● PROBLEM TO SOLVE
Return the full listing character for character, without its pictures.
━━━━━ MATERIAL PROVIDED ━━━━━
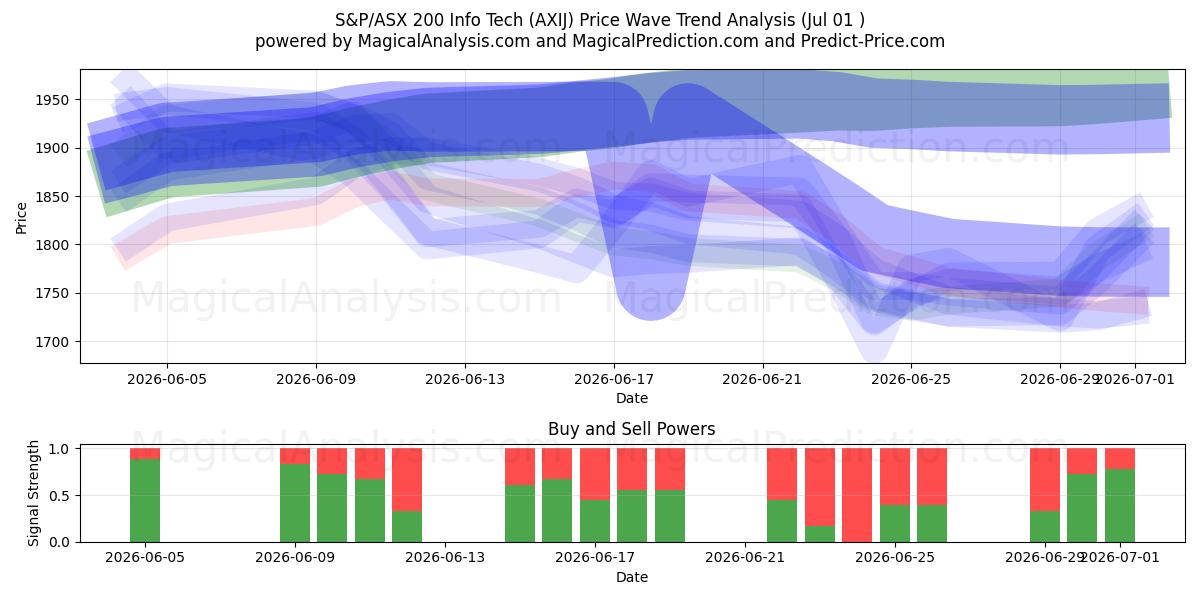  S&P/ASX 200 Info Tech (AXIJ) Support and Resistance area (30 Jun) 
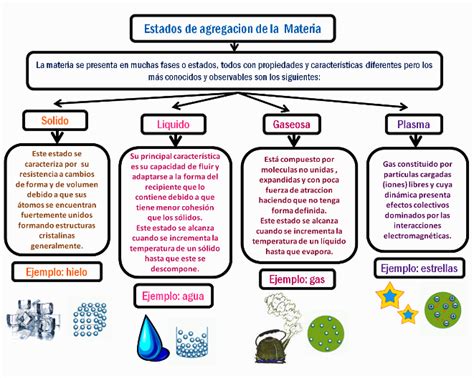 Representación conceptual de materia negativa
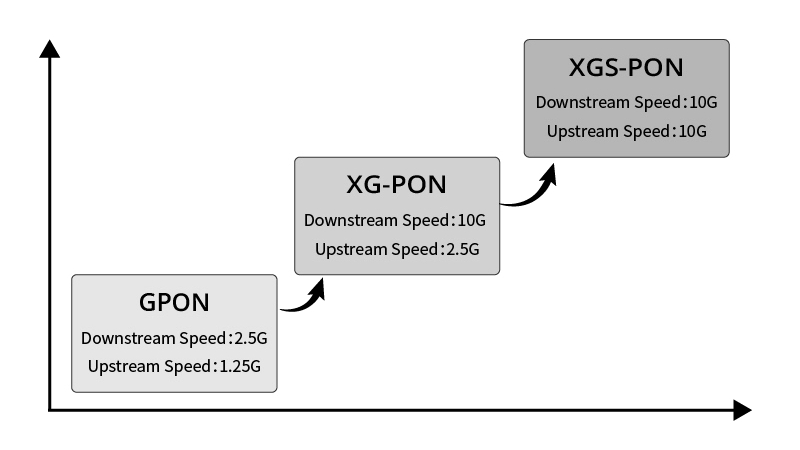 1762743293_1753417008_XGS-PON-2.jpg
━━━━━
● YOUR SOLUTION
  S&P/ASX 200 Info Tech (AXIJ) Support and Resistance area (30 Jun) 
 Representación conceptual de materia negativa
 1762743293_1753417008_XGS-PON-2.jpg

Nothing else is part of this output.